Saturday, September 22

Specialized experts, specialized places

In a lecture given a few months ago, Andres Duany expressed some frustrations involved in trying to implement New Urbanist principles in development, even though wide-spread public support is already there.

"Developers are specialized. One of the reasons that mixed-use is difficult is that developers will come up and say, "I'm greatly sympathetic with what you are doing, but I only do houses." And another one says, "I only do rental apartments." Another says, "I only do shopping malls" ... It's all absolutely normative so it plugs easily into that system."

He expands this further. The transportation analysts are well-acquainted with the current traffic models. The environmentalists only know their respective watersheds or animal habitats. The bankers want to finance the projects they have experience with. Each niche seeks to influence a project toward its own goals using its own skill set, and this leads to a preference for a system that can be easily dissected and quantified.

This is an interesting thought: could specialization of professions and expertise into tight niches lead to the specialization of urban land use into separately demarcated zones?

Steve Hardy, of the blog Creative Generalist, explains the need for people who can synthesize ideas and facilitate a cross-pollination between the various specialties. From his manifesto:

"Nothing substitutes depth of analysis and there’s proven value in the methodical and incremental process of specialization—it’s what education, career paths, scientific research, and technological innovation are built on—but generalism is the hidden talent, the missing link. With so much complex information, that is fragmented in so many ways and developing faster and faster, it is increasingly important to have generalists around to make sense of it all. People who appreciate diversity, who are in the know about the wider world, and who understand how things interact are invaluable observers, matchmakers, and pioneers of the inteeconomy."
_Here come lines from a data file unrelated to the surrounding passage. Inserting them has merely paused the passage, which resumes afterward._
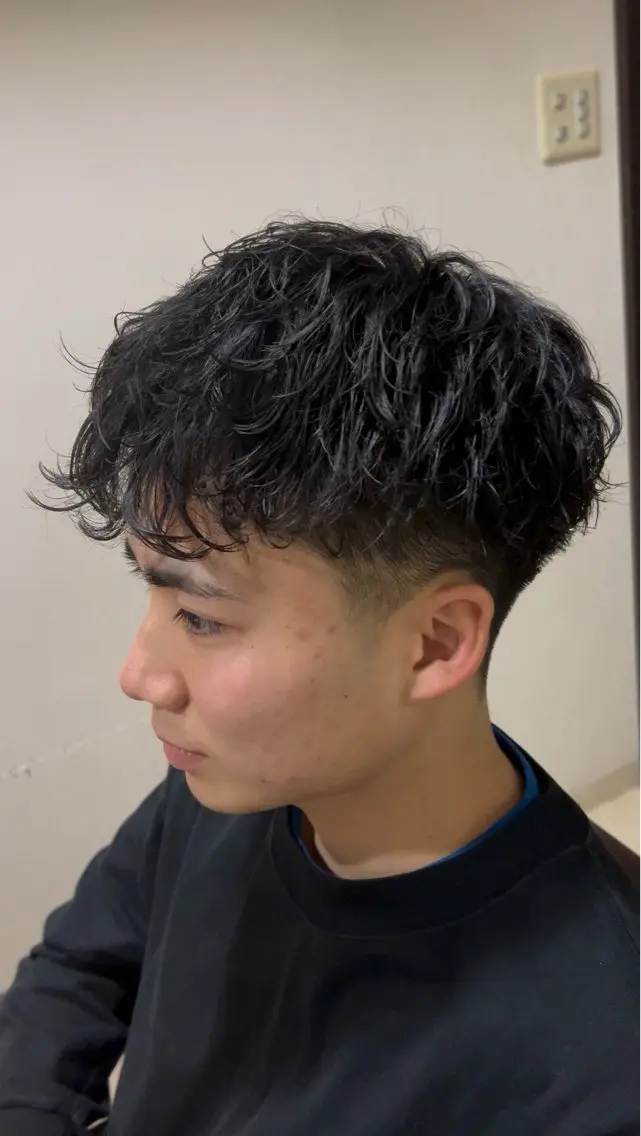 パーマ メンズ カット パーマ 笠井 雅斗のヘアスタイル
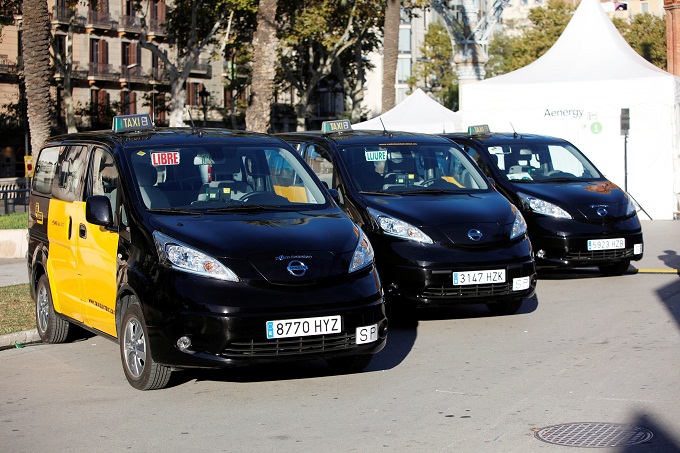 Nissan: primi taxi elettrici a Madrid e Barcellona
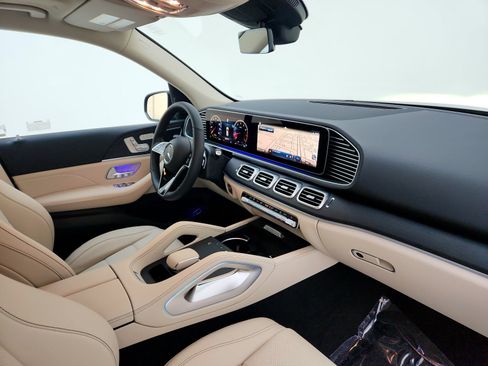 Certified 2025 Mercedes-Benz GLE 350 4MATIC image 13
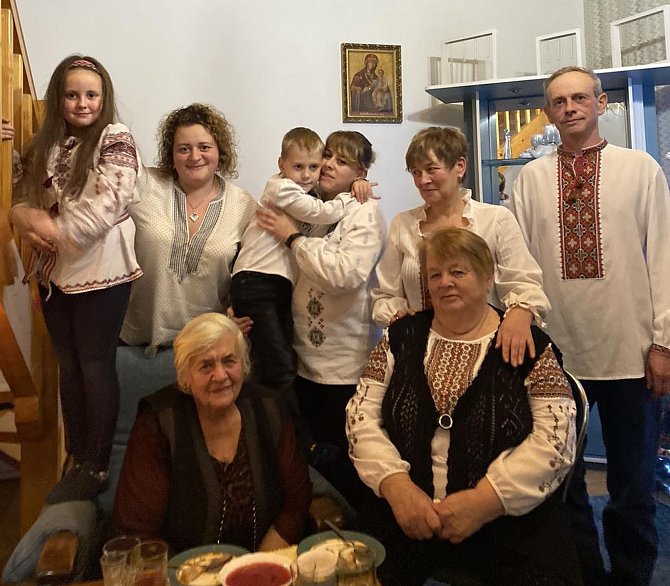 Iryna s rodinou.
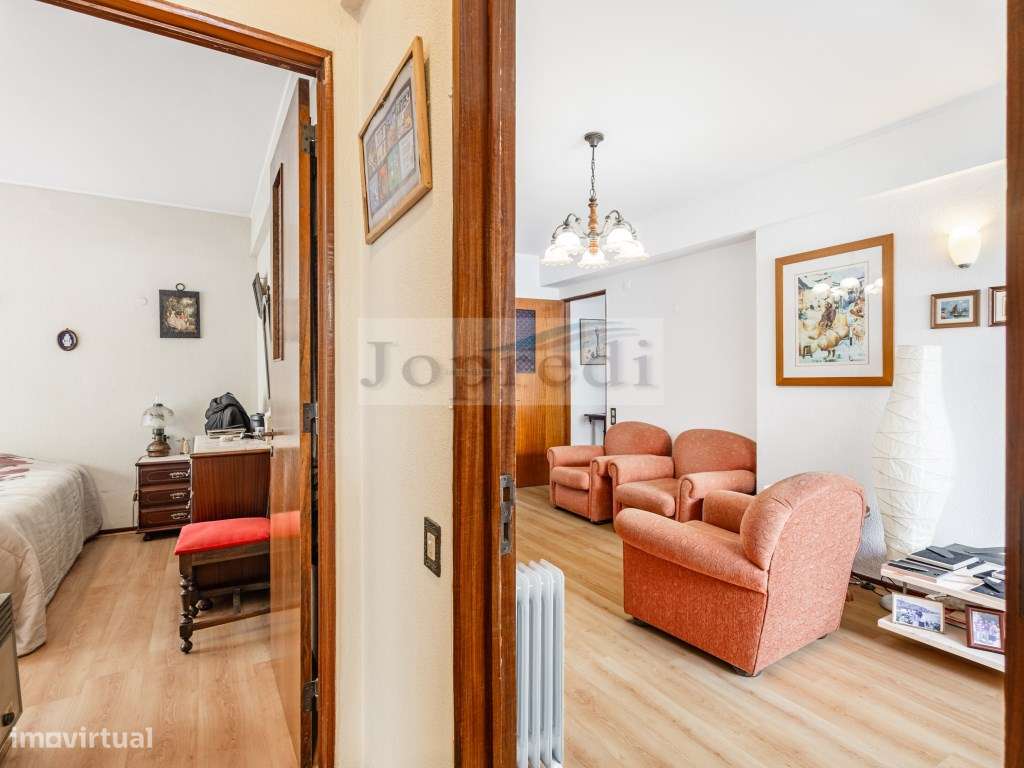 T2 + 5 Duplex Centro de Carcavelos-10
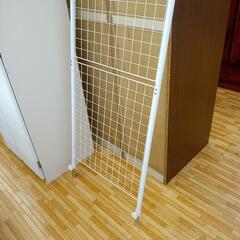 【リユースのサカイ八街店】★ジモティ割あり★ 突っ張りラック　ホワイト　クリーニング済　YJ7059の画像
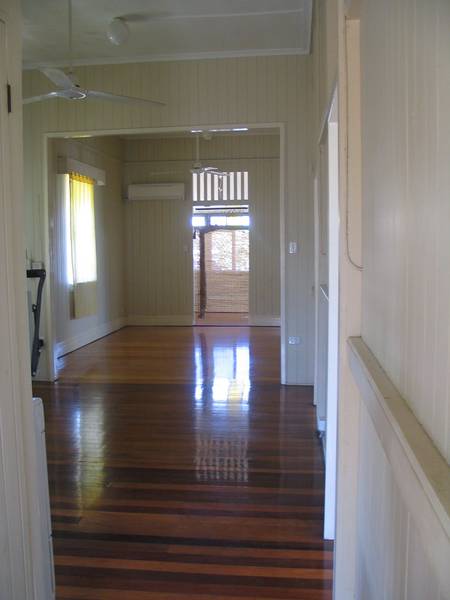 GORGEOUS HIGH-SET QUEENSLANDER Picture 3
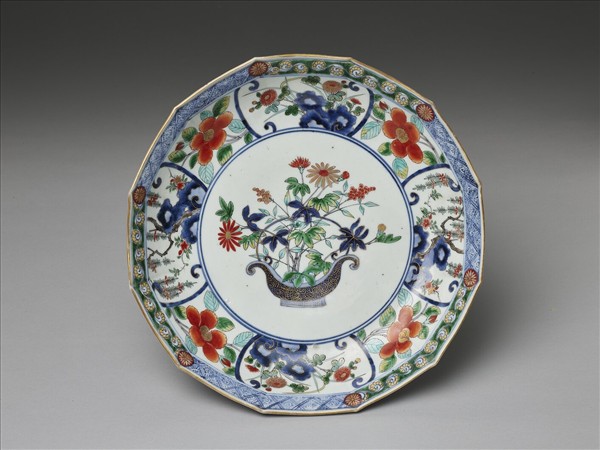 有田窯 五彩花卉紋十二方盤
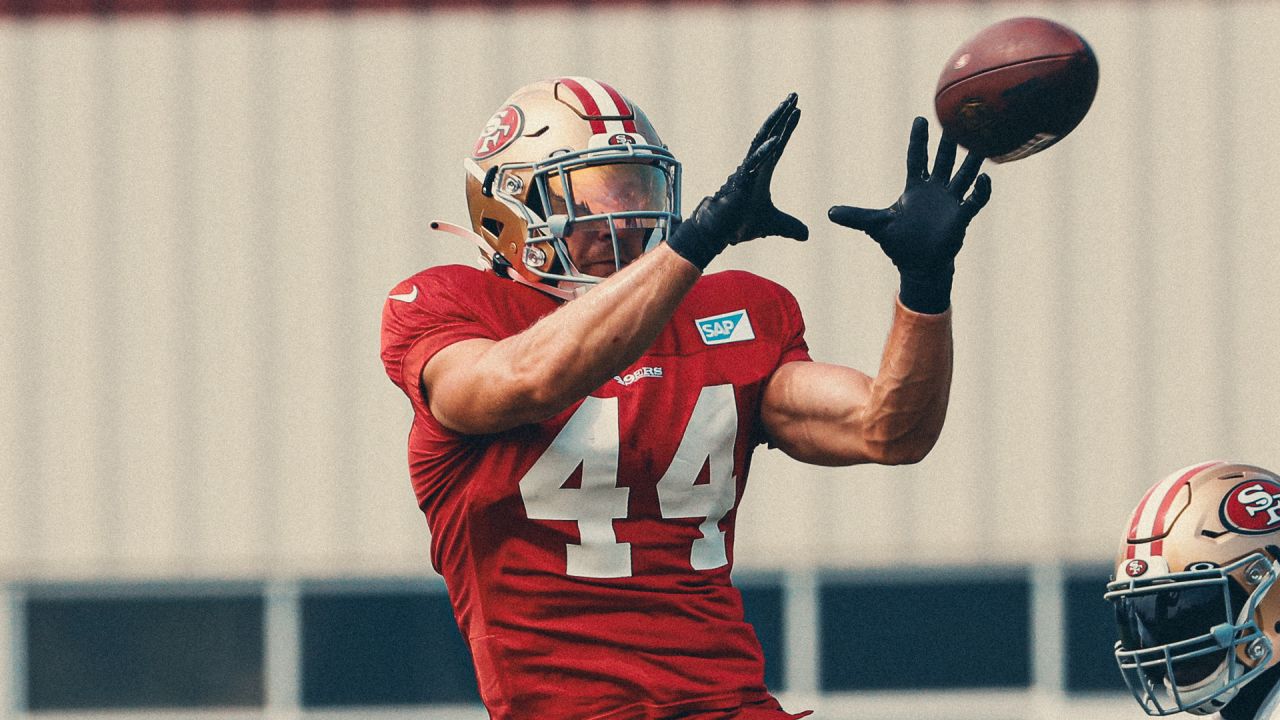 San Francisco 49ers wide receiver Tay Martin (83) runs with the ball during  the NFL football team's training camp in Santa Clara, Calif., Monday, Aug.  1, 2022. (AP Photo/Josie Lepe Stock Photo - Alamy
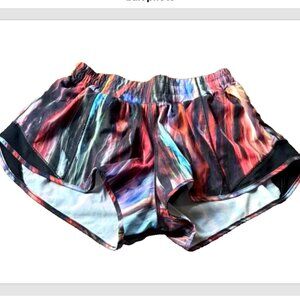 EUC Lululemon Hotty Hot Short II 2.5" Womens 4 Chroma Fusion Multi Black running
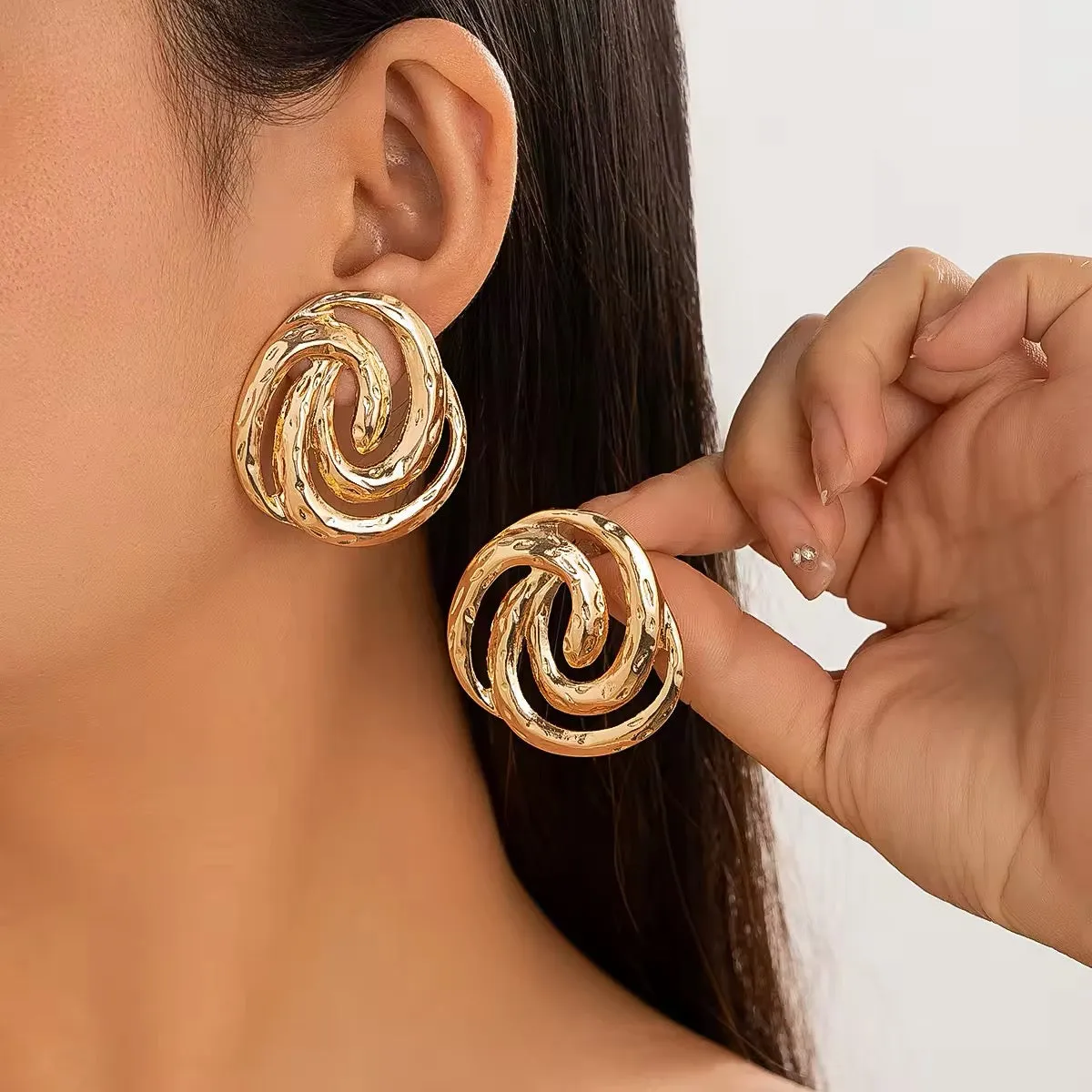 Metal Snake Shaped Spiral Stud Earrings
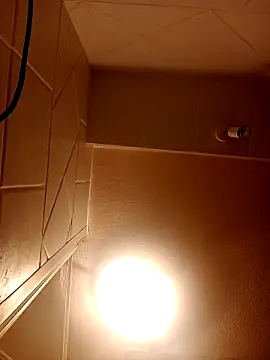 Snapshot of lej73 chatting on March 4, 2026, 8:16 pm lej73 online show from March 4, 2026, 8:16 pm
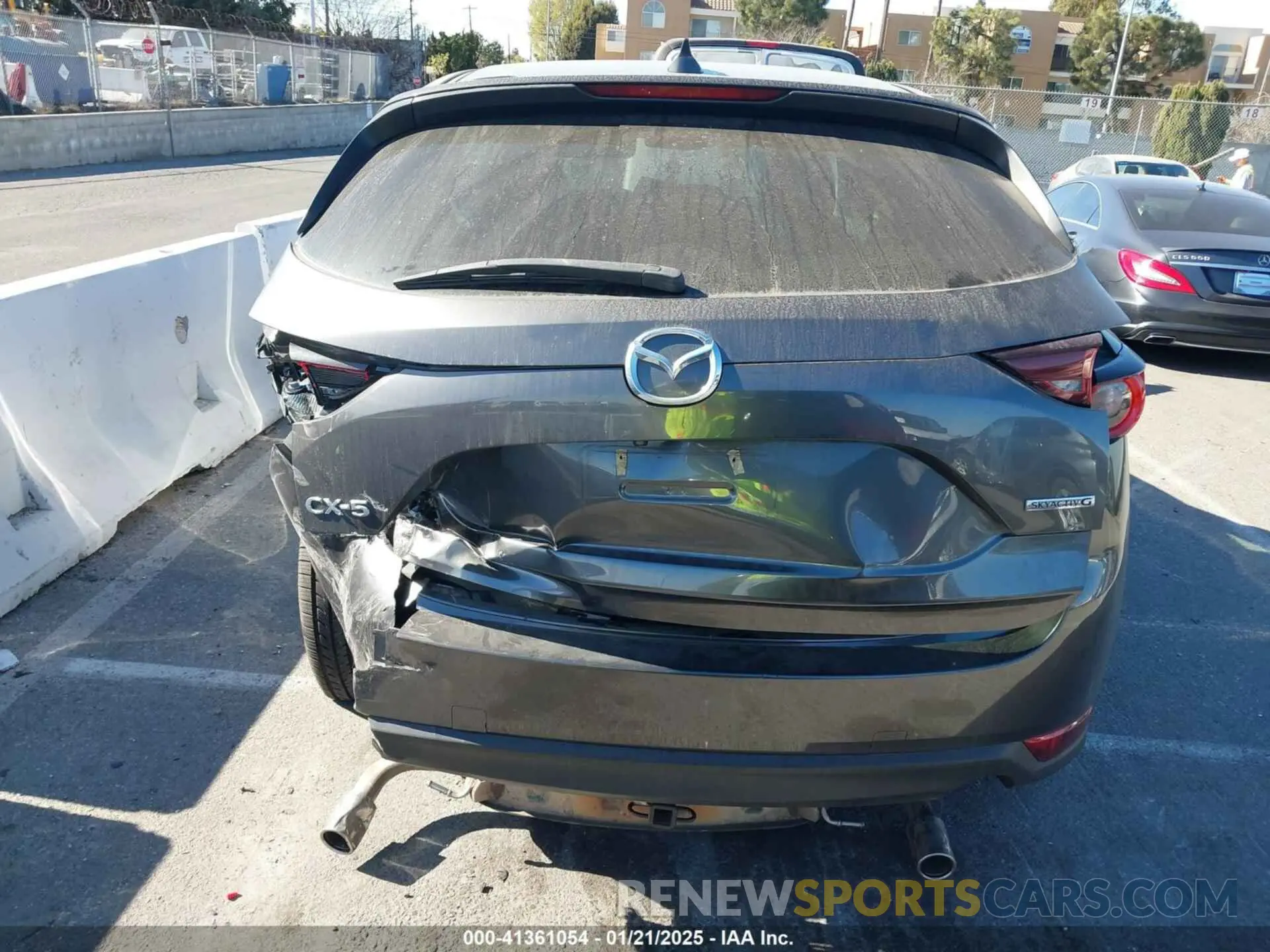 15 fotografías del automóvil dañado JM3KFACM4L0743820 MAZDA CX-5 2020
Is this the role the planner?


J.W. said...

Ok, this is the greatest blog ever. You're totally going on my RSS feed.

Daniel Nairn said...

Thanks, Jonathan. Believe it or not, I've actually been lurking on and off at your blog Speculations and Such for almost two years now. I've really enjoyed the depth of thinking presented in a really personal way.

I moved here from Boston. I am also a graduate of GC - attended City Life while I was living there. My time there was pretty formative for me.

And best wishes on the GRE. I'm scheduled for next month.